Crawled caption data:
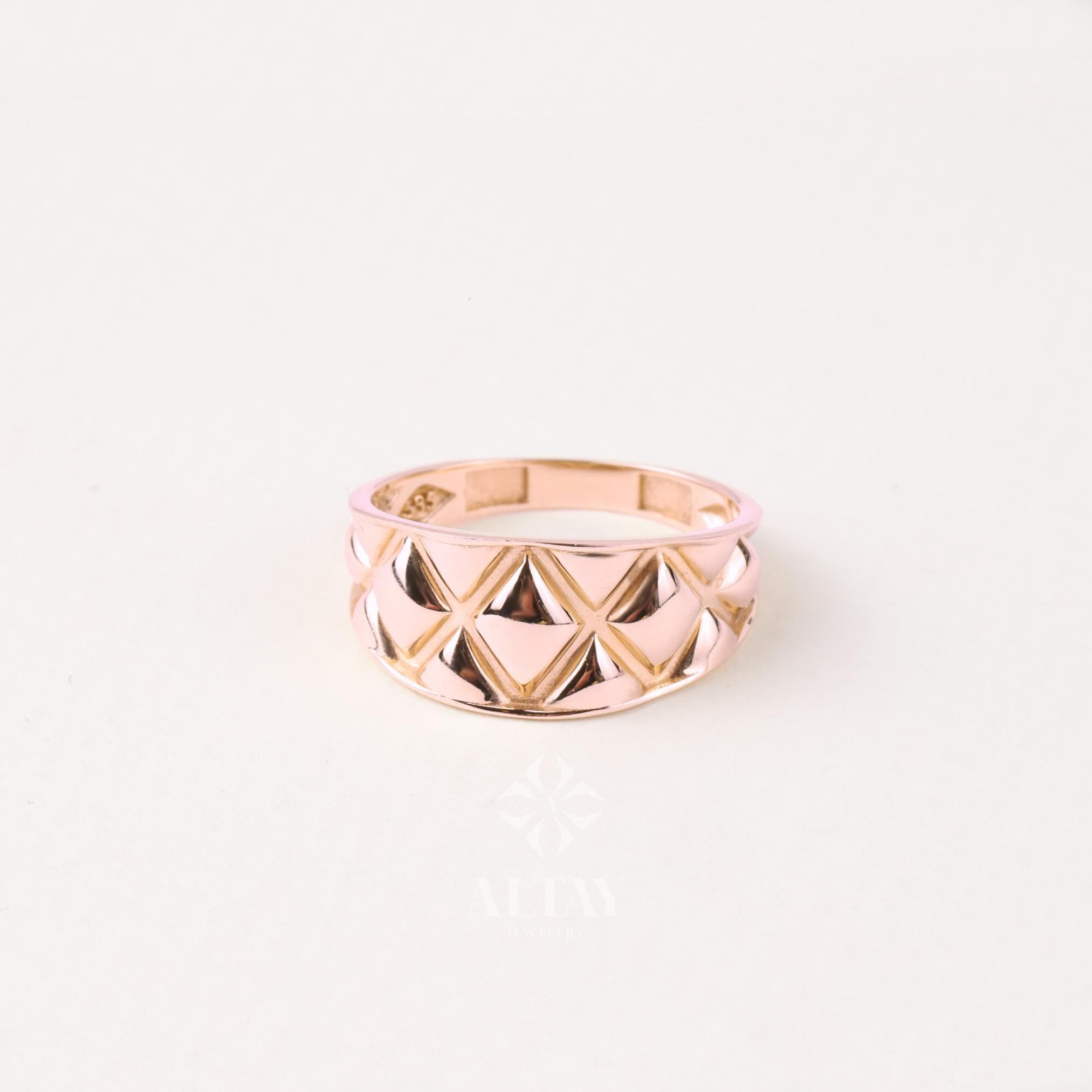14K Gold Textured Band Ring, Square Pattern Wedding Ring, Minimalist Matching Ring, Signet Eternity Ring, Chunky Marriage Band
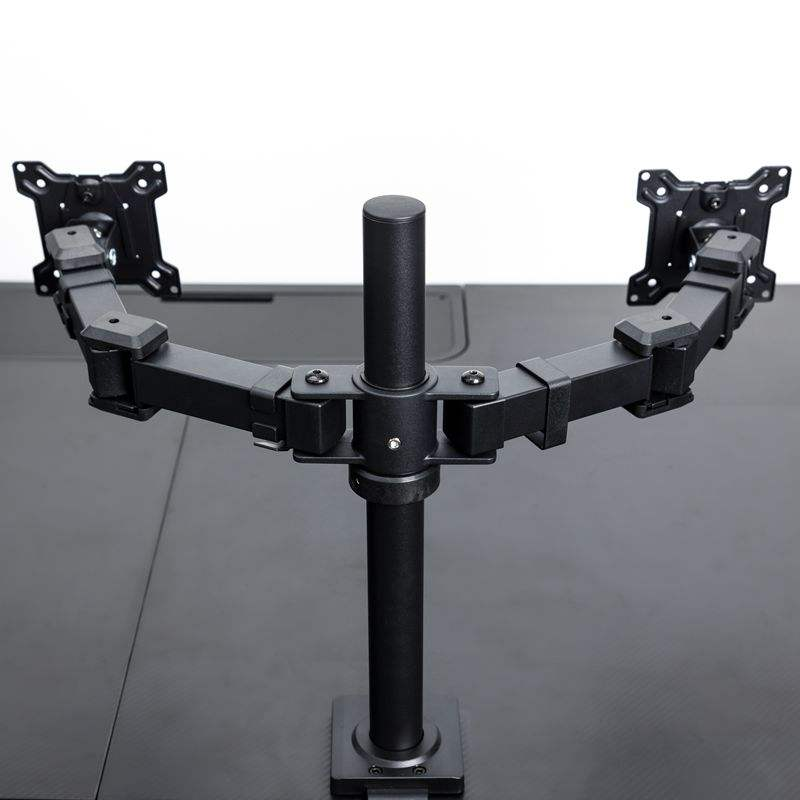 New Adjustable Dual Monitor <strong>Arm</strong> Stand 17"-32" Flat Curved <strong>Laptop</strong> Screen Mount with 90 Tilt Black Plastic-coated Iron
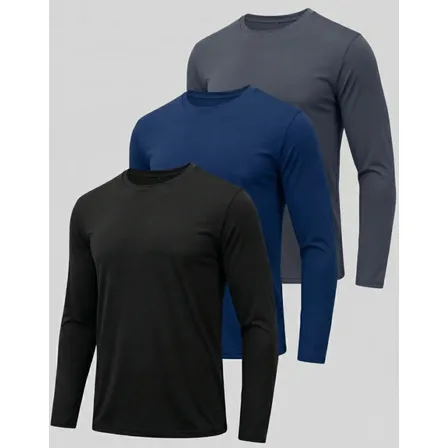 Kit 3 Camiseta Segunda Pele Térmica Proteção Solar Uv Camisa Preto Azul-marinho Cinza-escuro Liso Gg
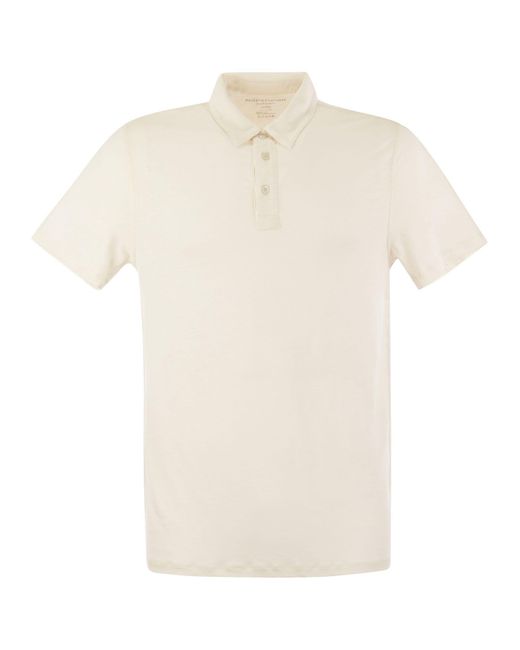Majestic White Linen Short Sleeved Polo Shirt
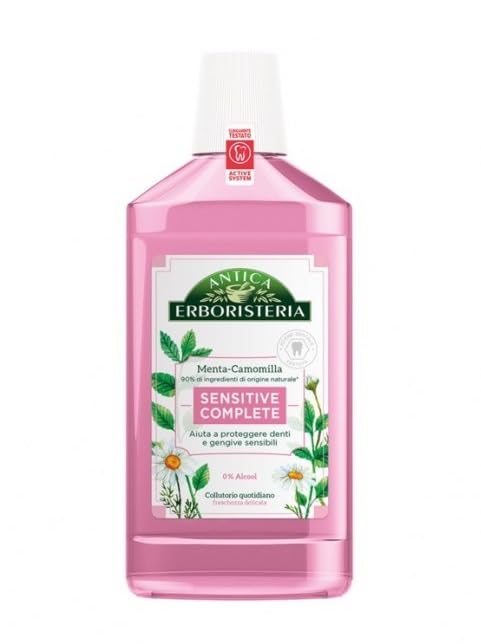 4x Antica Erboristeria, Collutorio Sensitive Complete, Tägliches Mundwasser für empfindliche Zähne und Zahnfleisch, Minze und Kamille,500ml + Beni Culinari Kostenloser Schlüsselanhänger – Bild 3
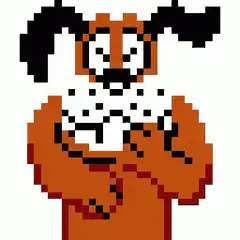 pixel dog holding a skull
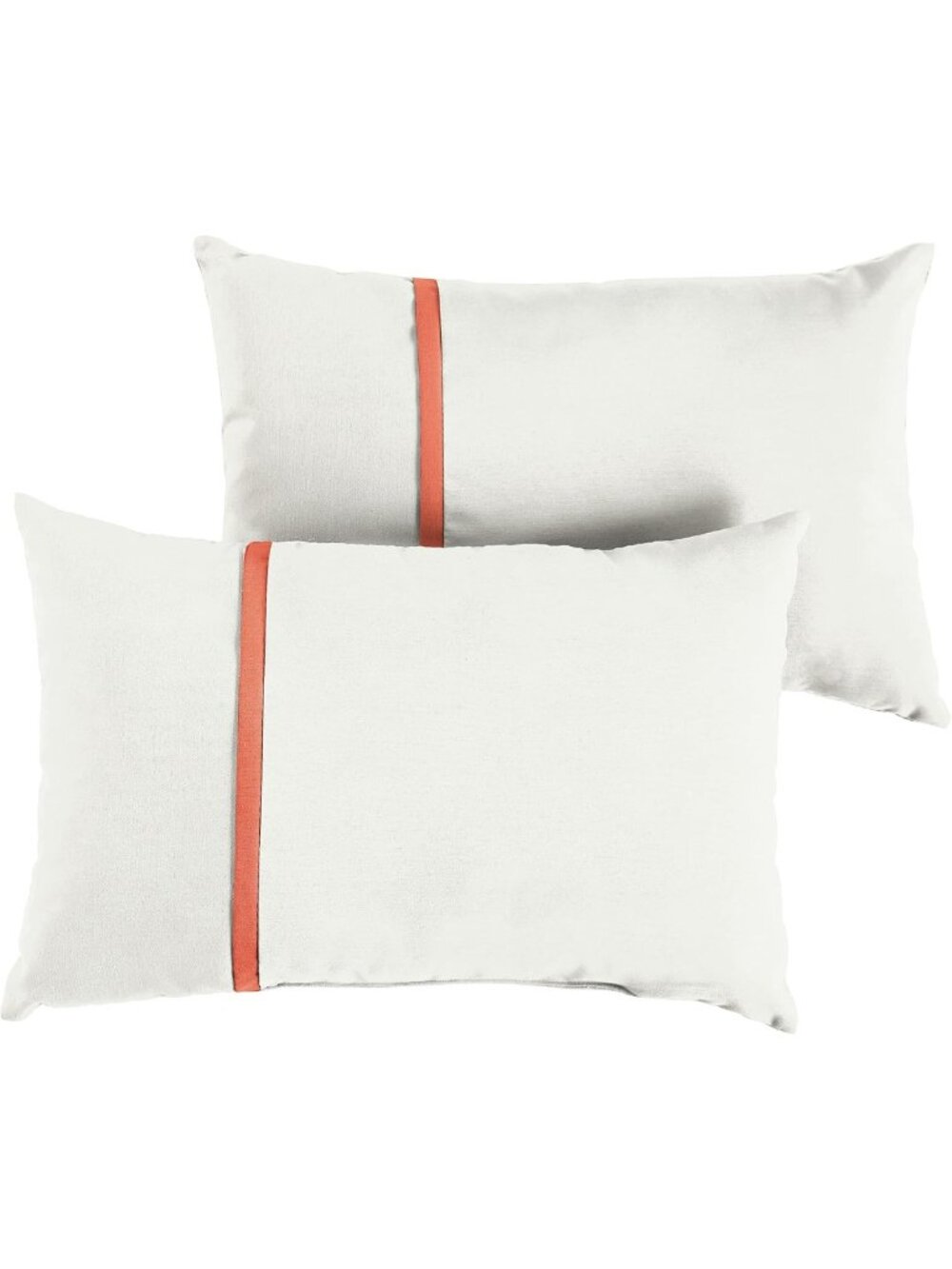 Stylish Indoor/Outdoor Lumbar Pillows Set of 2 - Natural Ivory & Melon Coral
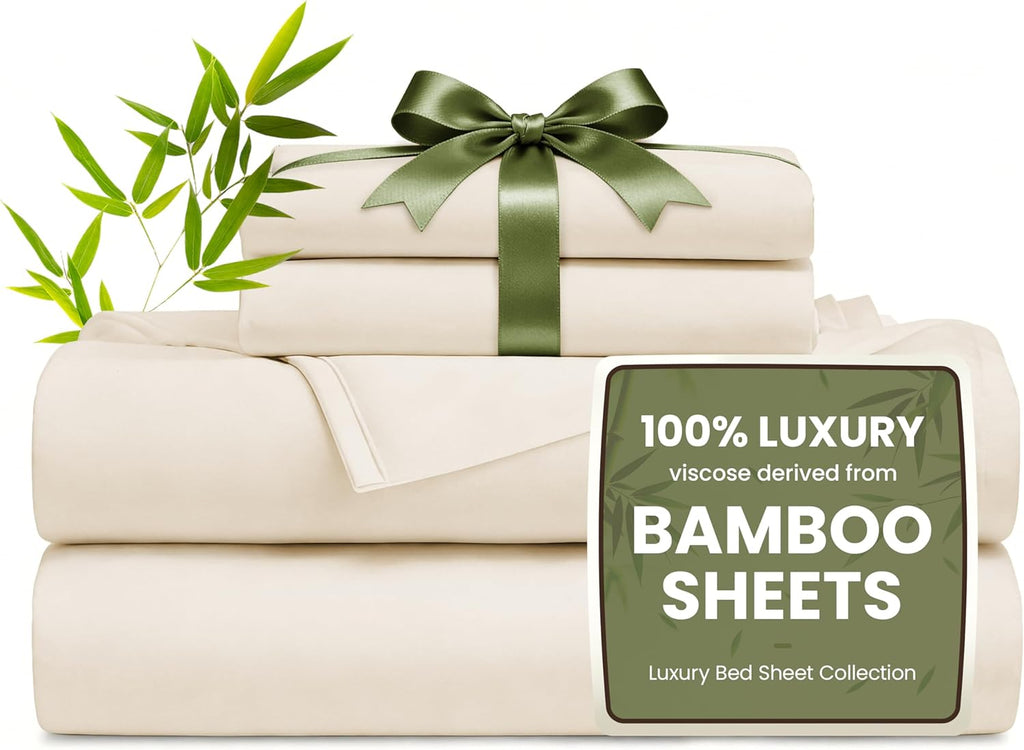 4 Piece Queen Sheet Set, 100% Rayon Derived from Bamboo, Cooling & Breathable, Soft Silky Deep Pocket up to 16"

_To do_:
Once the line holding "Majestic White Linen Short Sleeved Polo Shirt" is found, copy it and each later line exactly through the end of the data, leaving out the pictures.

_Task response_:
Majestic White Linen Short Sleeved Polo Shirt
 4x Antica Erboristeria, Collutorio Sensitive Complete, Tägliches Mundwasser für empfindliche Zähne und Zahnfleisch, Minze und Kamille,500ml + Beni Culinari Kostenloser Schlüsselanhänger – Bild 3
 pixel dog holding a skull
 Stylish Indoor/Outdoor Lumbar Pillows Set of 2 - Natural Ivory & Melon Coral
 4 Piece Queen Sheet Set, 100% Rayon Derived from Bamboo, Cooling & Breathable, Soft Silky Deep Pocket up to 16"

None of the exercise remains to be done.